Your task – Please print exactly the lines from the line containing "Wardrobe Metal Industrial" through the end of the data, no more, and keep pictures out of the copy.

Records from a data collection
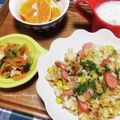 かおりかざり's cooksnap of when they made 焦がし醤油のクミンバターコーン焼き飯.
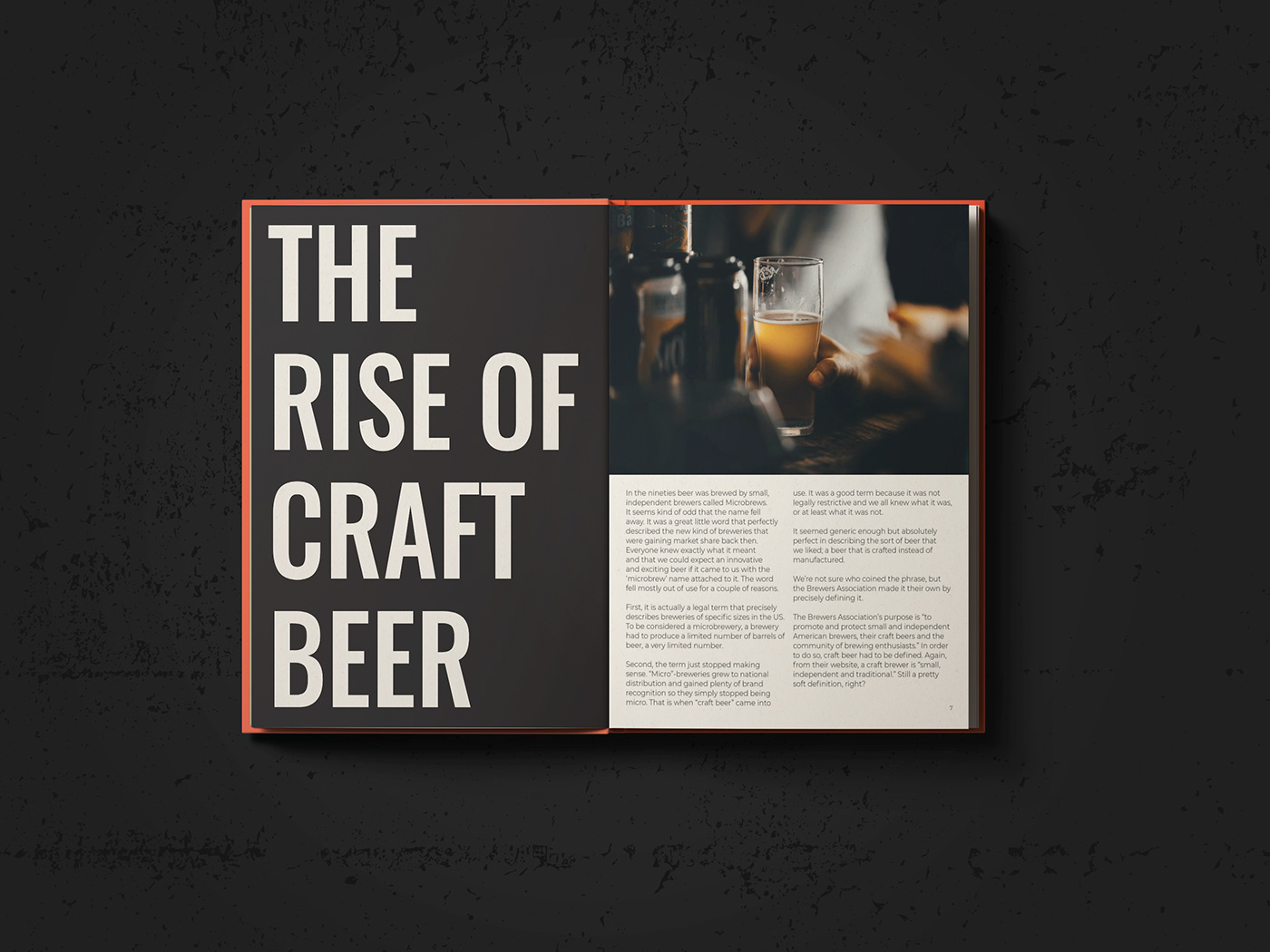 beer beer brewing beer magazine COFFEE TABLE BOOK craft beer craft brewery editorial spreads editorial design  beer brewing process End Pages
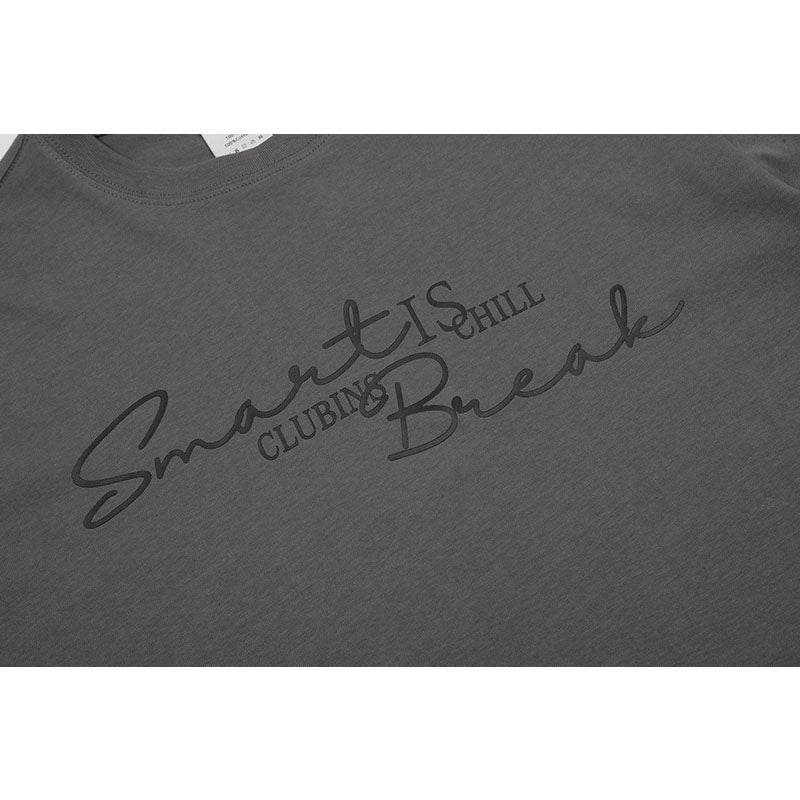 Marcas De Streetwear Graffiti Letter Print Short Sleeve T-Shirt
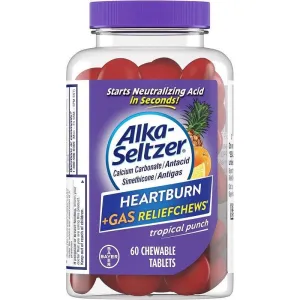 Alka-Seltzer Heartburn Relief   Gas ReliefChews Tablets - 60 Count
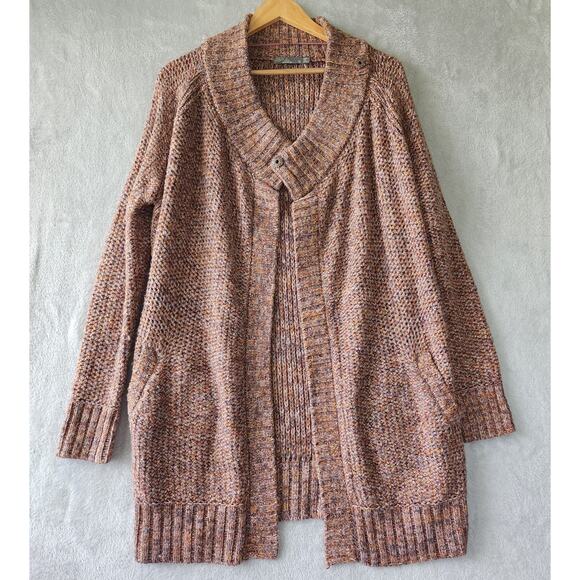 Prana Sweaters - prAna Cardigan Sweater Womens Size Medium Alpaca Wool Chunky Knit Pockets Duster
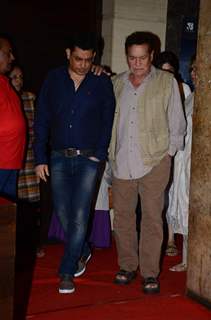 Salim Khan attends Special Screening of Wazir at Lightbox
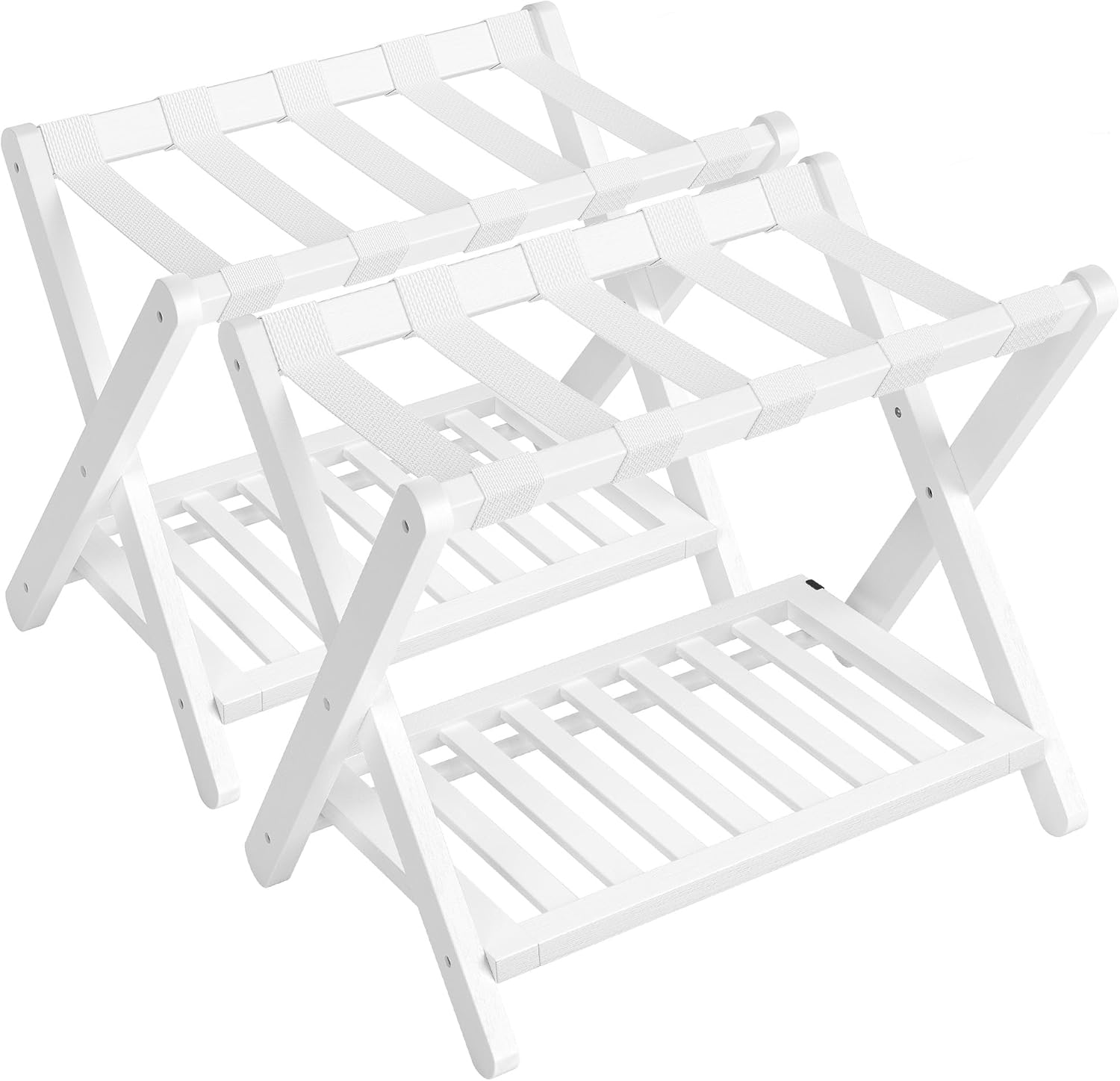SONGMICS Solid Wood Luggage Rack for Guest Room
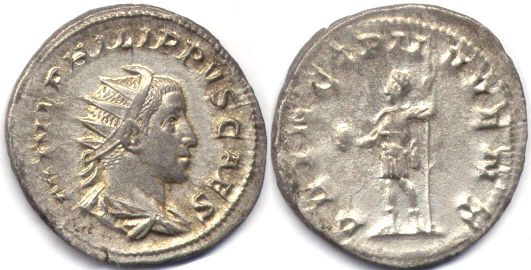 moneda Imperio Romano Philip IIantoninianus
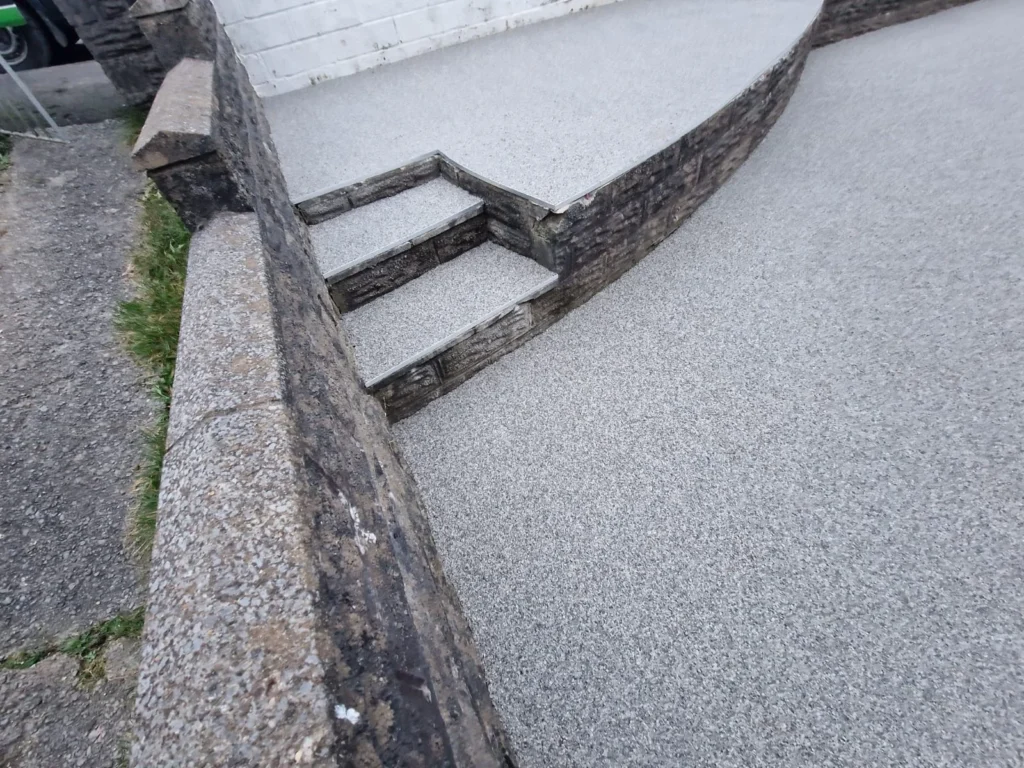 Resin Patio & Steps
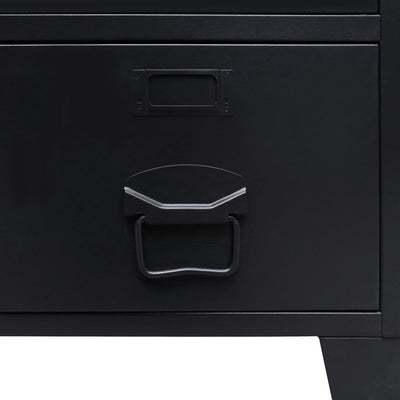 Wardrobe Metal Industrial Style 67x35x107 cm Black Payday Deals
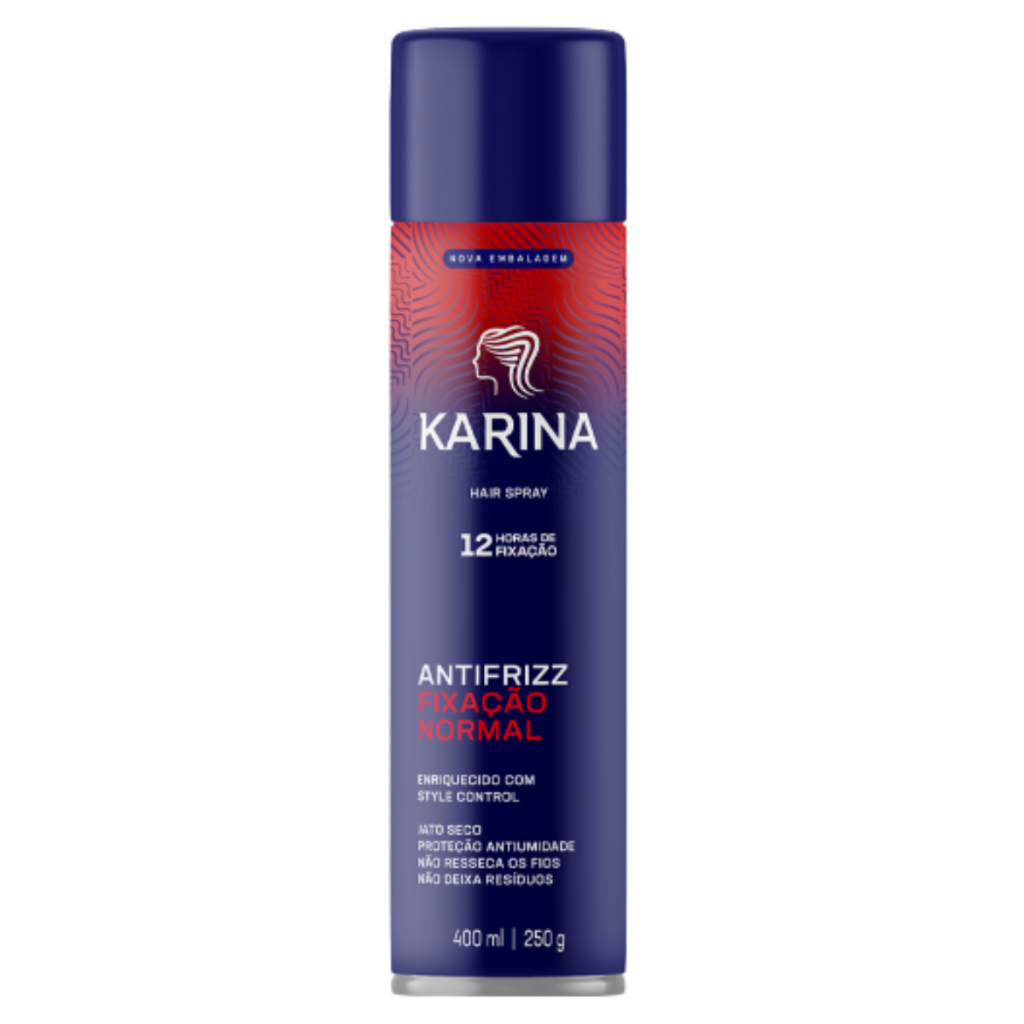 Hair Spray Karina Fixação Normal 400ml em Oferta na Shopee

Response to the exercise –
 Wardrobe Metal Industrial Style 67x35x107 cm Black Payday Deals
 Hair Spray Karina Fixação Normal 400ml em Oferta na Shopee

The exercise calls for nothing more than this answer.